Problem to work on: Below are some records; output exactly the lines from the line with "2026 Ford F-250" to the line with "Tabouret de bar", both ends kept, and nothing more.

Record set:
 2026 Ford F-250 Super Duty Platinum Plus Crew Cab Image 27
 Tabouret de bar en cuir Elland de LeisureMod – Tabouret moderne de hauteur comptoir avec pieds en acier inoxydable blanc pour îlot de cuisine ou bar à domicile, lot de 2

--

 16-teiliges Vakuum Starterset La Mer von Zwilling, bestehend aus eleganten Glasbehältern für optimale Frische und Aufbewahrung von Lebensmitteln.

...

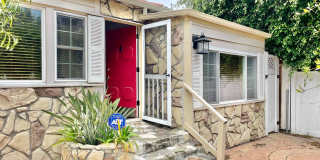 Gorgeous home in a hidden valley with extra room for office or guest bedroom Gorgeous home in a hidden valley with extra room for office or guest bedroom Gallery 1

Task answer:
 2026 Ford F-250 Super Duty Platinum Plus Crew Cab Image 27
 Tabouret de bar en cuir Elland de LeisureMod – Tabouret moderne de hauteur comptoir avec pieds en acier inoxydable blanc pour îlot de cuisine ou bar à domicile, lot de 2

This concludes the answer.